PROBLEM DESCRIPTION — What you return should match the listing exactly, minus its images.

SUPPLIED RECORDS —
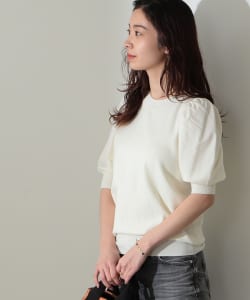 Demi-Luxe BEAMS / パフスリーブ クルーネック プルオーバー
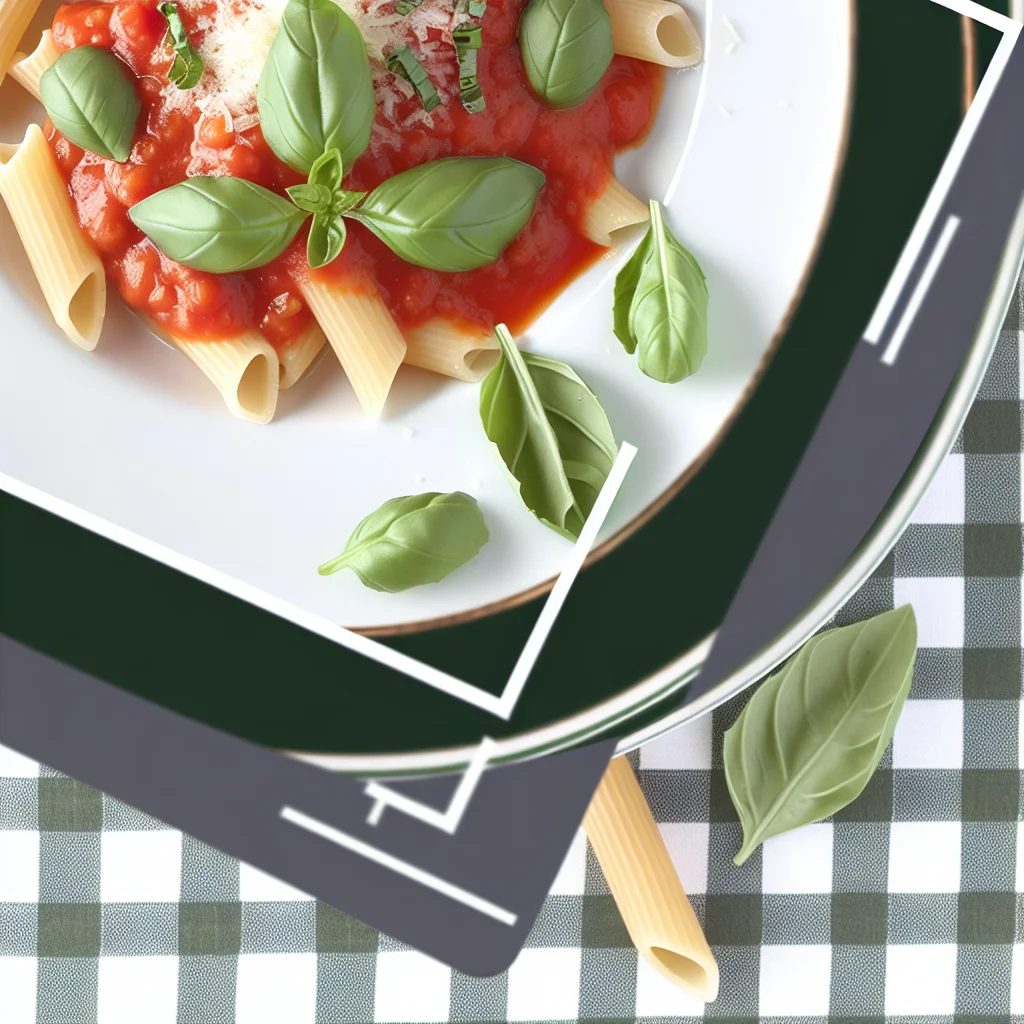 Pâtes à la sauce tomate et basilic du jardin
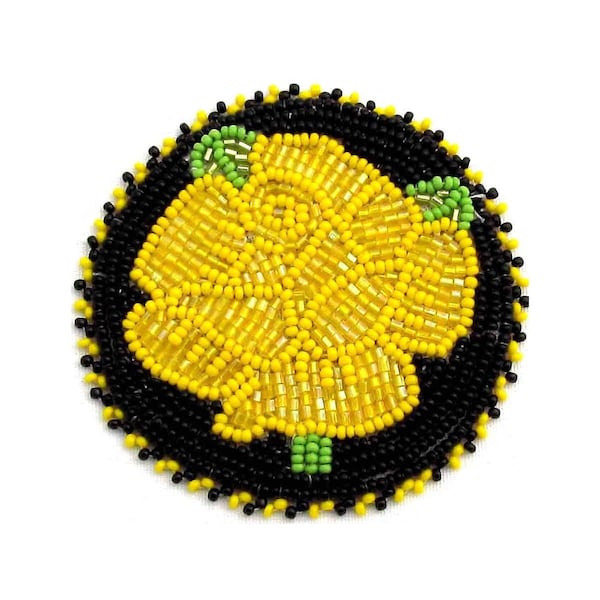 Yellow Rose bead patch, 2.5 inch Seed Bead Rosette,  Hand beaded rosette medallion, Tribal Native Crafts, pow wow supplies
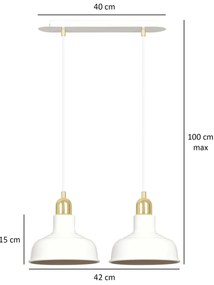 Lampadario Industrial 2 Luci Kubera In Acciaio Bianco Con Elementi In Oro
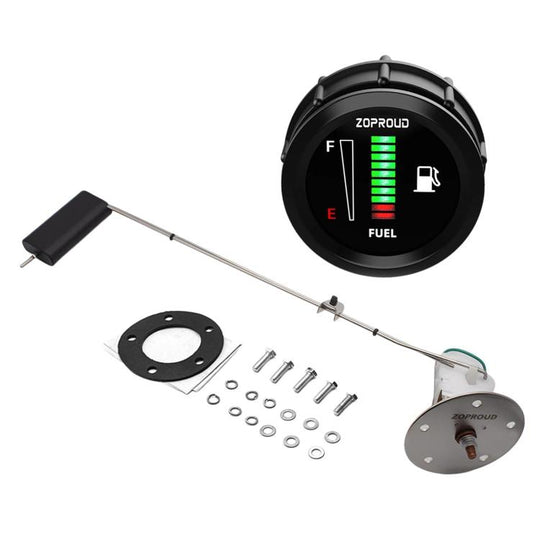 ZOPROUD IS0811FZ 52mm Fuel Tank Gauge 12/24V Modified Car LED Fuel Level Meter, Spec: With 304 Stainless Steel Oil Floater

WRITTEN RESPONSE —
 Demi-Luxe BEAMS / パフスリーブ クルーネック プルオーバー
 Pâtes à la sauce tomate et basilic du jardin
 Yellow Rose bead patch, 2.5 inch Seed Bead Rosette,  Hand beaded rosette medallion, Tribal Native Crafts, pow wow supplies
 Lampadario Industrial 2 Luci Kubera In Acciaio Bianco Con Elementi In Oro
 ZOPROUD IS0811FZ 52mm Fuel Tank Gauge 12/24V Modified Car LED Fuel Level Meter, Spec: With 304 Stainless Steel Oil Floater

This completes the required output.